Most mothers employed a mixture of infant feeding methods
During the 24-h collection period, only 11.46% (n = 11) of participants in our sample reported a complete absence of ATN breastfeeding, 38.54% (n = 37) individuals indicated exclusive ATN breastfeeding, and 50% (n = 48) indicated using a mix of ATN breastfeeding and other infant feeding methods (Table S7). When combined with reported long-term history of infant feeding behavior, only two participants in our sample had never breastfed their infant at-the-nipple. Both these individuals reported reliance on pumped milk, therefore no participants in our sample exhibited exclusive reliance on infant formula. Only 8.33% (n = 8) of participants reported a history of using exclusive at-the-nipple breastfeeding with no supplementation or replacement. In sum, 3.12% of participants (n = 3) reported ever using donated breast milk, 15.62% (n = 15) indicated use of solid foods, 32.29% (n = 31) reported using non-breastmilk liquids at some point, and 85.42% (n = 82) reported either current or past use of expressed/pumped milk.
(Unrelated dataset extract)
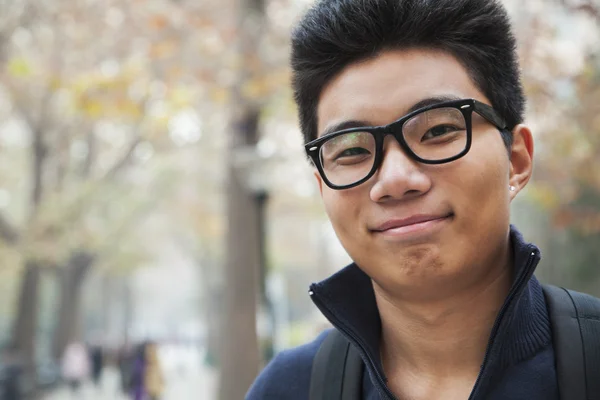 Portret van de student aan het college — Stockfoto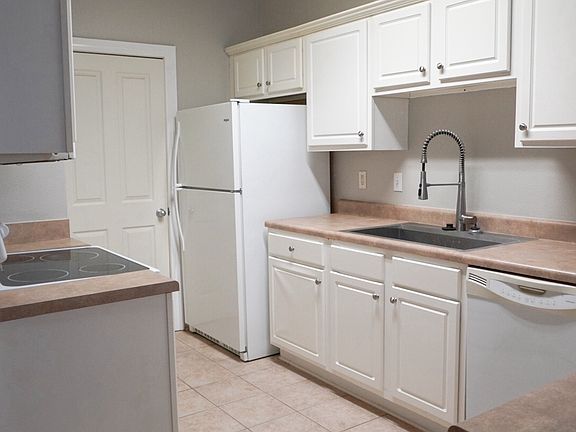 5th image of 5395 Arlington Ct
Morning rise in IL-8 highest among women who reported partial reliance on ATN breastfeeding
As shown in Table S8, median evening IL-8 secretion rate was 127.79 pg/mL/min (IQR = 216.83 pg/mL/min) while median morning IL-8 secretion rate was 269.24 pg/mL/min (IQR = 457.38 pg/mL/min). We found a strong non-linear effect of % ATN breastfeeding on evening-to-morning change (i.e., delta) in IL-8 secretion rate (Variance = 359.42; 95% CI = 25.3, 986.82) (Fig. 1). As described in Table 5, median evening-to-morning rise in IL-8 secretion rate was similar among mothers reporting lowest and highest reliance on ATN feeding, with the maximum predicted rise in IL-8 secretion rate (Median: 538.20 pg/ml/min; 95% CI: 189.85, 925.39) occurring among mothers reporting a moderate rate of 46% ATN breastfeeding. While there was no effect of % pumping on diurnal IL-8 secretion rate (Table S9, Fig. S3), time since delivery was positively associated with morning-to-evening rise in IL-8 secretion rate (Table S9, Fig. S4). Figure 2 shows the effect of increasing time since delivery on predicted values for delta IL-8 secretion rate. Conversely, % ATN breastfeeding, % pumping, and time since delivery were not associated with any robust change in evening-to-morning IL-1ß, IL-6, or TNF-α secretion rate (Table S9, Fig. 1, Figs. S3, S4).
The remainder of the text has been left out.